Марк Бернес в воспоминаниях современников (Богословский, Долматовский) - страница 201

Июнь, 1968 г.

Последний урок
Про войну немало песен спето,
Только вы не ставьте мне в вину,
Что опять, что я опять про это,
Что опять пою вам про войну.
Мне штыки мерещатся и каски.
И — холмом, что всем ветрам открыт —
Крагуе́вац, город югославский,
Забывать о прошлом не велит.
Партизаны бьют в горах фашистов,
Озверели немцы — терпят крах.
Расстрелять подростков-гимназистов
Решено родителям на страх.
В Крагуе́вце знает каждый житель,
Что покинуть класс учитель мог,
Но сказал гестаповцам учитель:
«Не мешайте мне вести урок».
А потом вот здесь, на этом месте,
Гимназисты выстроены в ряд.
И стоит учитель с ними вместе —
Не оставил он своих ребят.
Камни, камни, что же вы молчите?
Шевелит седины ветерок.
Говорит гестаповцам учитель:
«Не мешайте продолжать урок».
Про войну немало песен спето,
Только вы не ставьте мне в вину,
Что опять, что я опять про это,
Что опять пою я про войну.
И пока хоть где-нибудь на свете
Собирают войны свой оброк,
Льется кровь и погибают дети —
Продолжай, учитель, свой урок!

«Я люблю тебя, жизнь…»

ЯН ФРЕНКЕЛЬ

Честь певца>{115}

Пришло письмо: «Запретите такому-то петь вашу песню!» И — имя достаточно известного певца. Человек решил, что, если я написал песню, я ее хозяин и могу распоряжаться ее судьбой. У кого хочу — отберу, кому хочу — доверю. Как не похоже это на истинные взаимоотношения, которые складываются между автором песни и ее исполнителем!

Признаюсь откровенно: я редко получаю удовольствие, слушая свои песни по радио или с эстрады. Бывает даже так, что мне становится стыдно — неужели это я написал? Есть композиторы совершенно другого склада — им нельзя не позавидовать, они замирают от счастья, слушая свои произведения, даже в тех случаях, когда исполнитель не оставляет в них живого места. Видимо, — я так себе объясняю это удивительное свойство, — в душе у этих композиторов звучит мощный внутренний голос, и они слышат песню именно такой, как ее написали.
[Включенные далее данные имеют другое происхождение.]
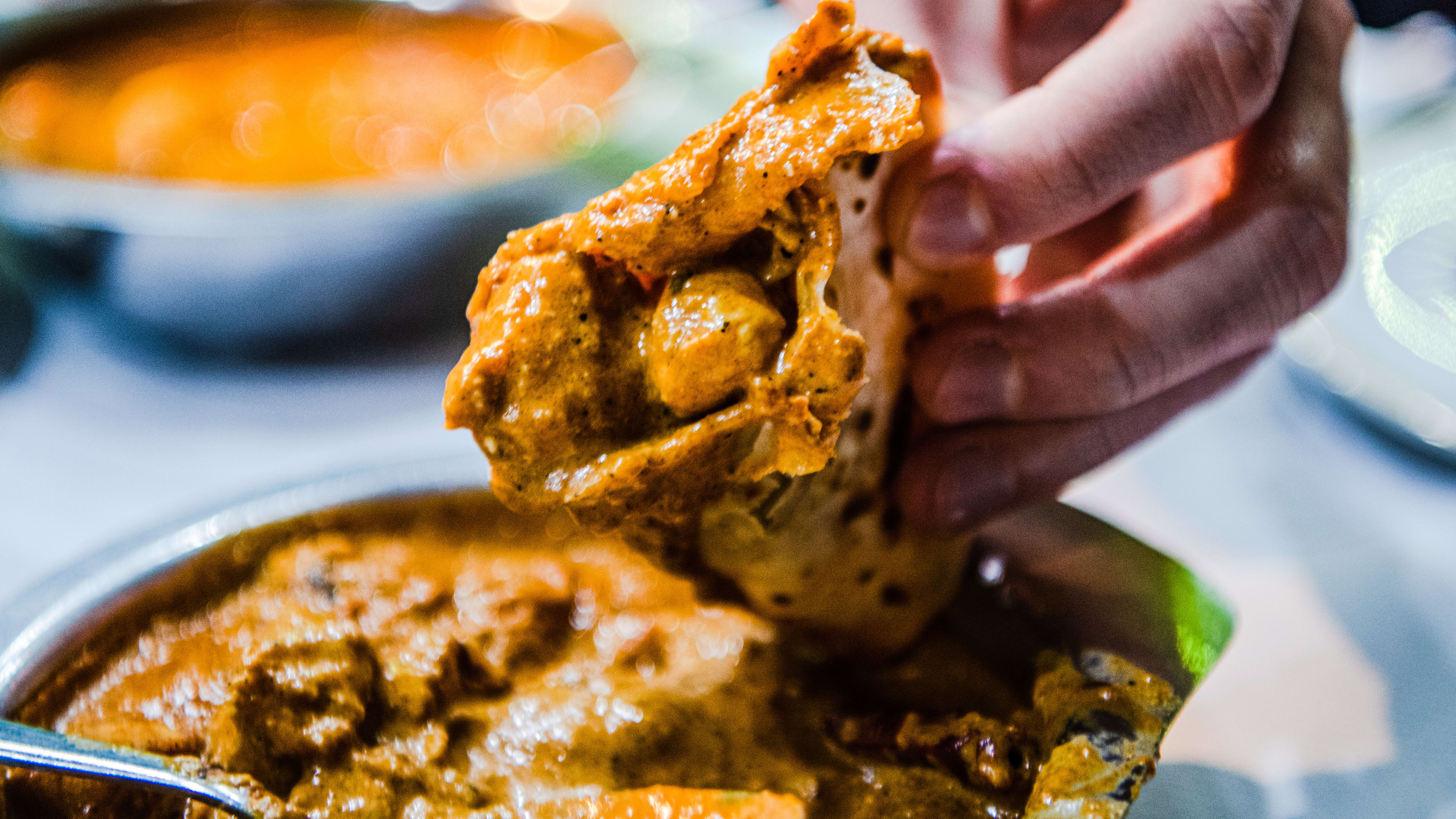 Person holding up a piece of naan that has been dipped in the ceylon chicken curry.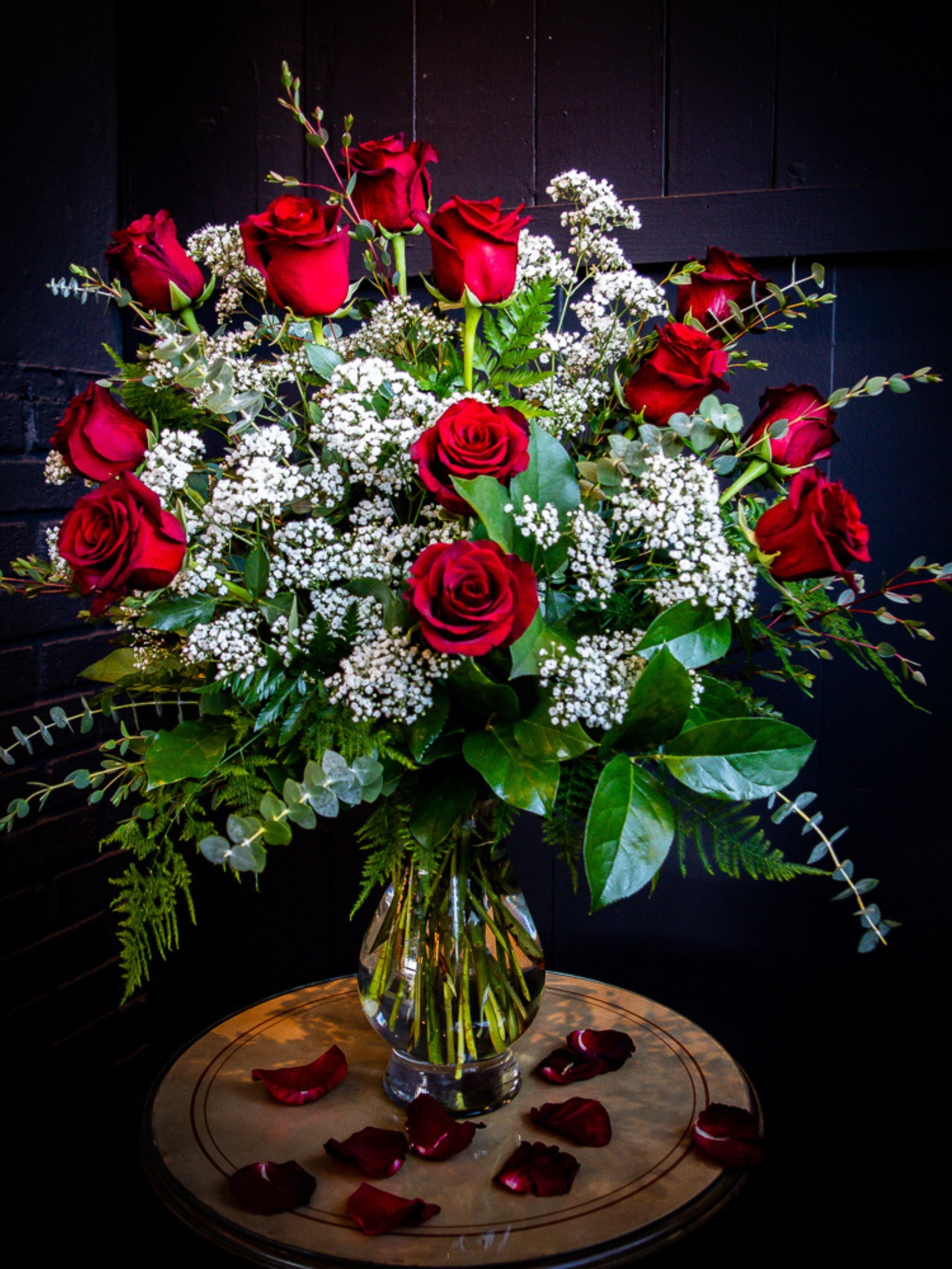 One dozen red rose flower arrangement with baby's breath from The Flower Cart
Может быть, я просто придираюсь? Может, меня мучает своеобразная авторская ревность и я хочу, чтобы все воспринимали мою песню именно так, как воспринимаю ее я? Нет, я смело могу отвести от себя такое подозрение. Недавно я слышал, как поет «Русское поле» Арташез Аветян. И мне не мешал ни акцент, ни совершенно для меня необычный подход к нотному тексту, потому что этот певец понял песню нутром, растворился в ней, стал ее частицей. Как бы ни был деспотичен автор, разве не готов он простить самое вольное обращение со своим замыслом, если только получается по-настоящему убедительно?..

Был случай, когда стерпеть я не смог, потому что певец пел просто другие ноты. Я подошел к нему, указал на ошибку. «Не может быть!» — изумился певец. Взяли ноты. Он ахал, сокрушался, разводил руками. На другой день я услышал — как пел, так и поет. И я понял, что настаивать на своем бесполезно.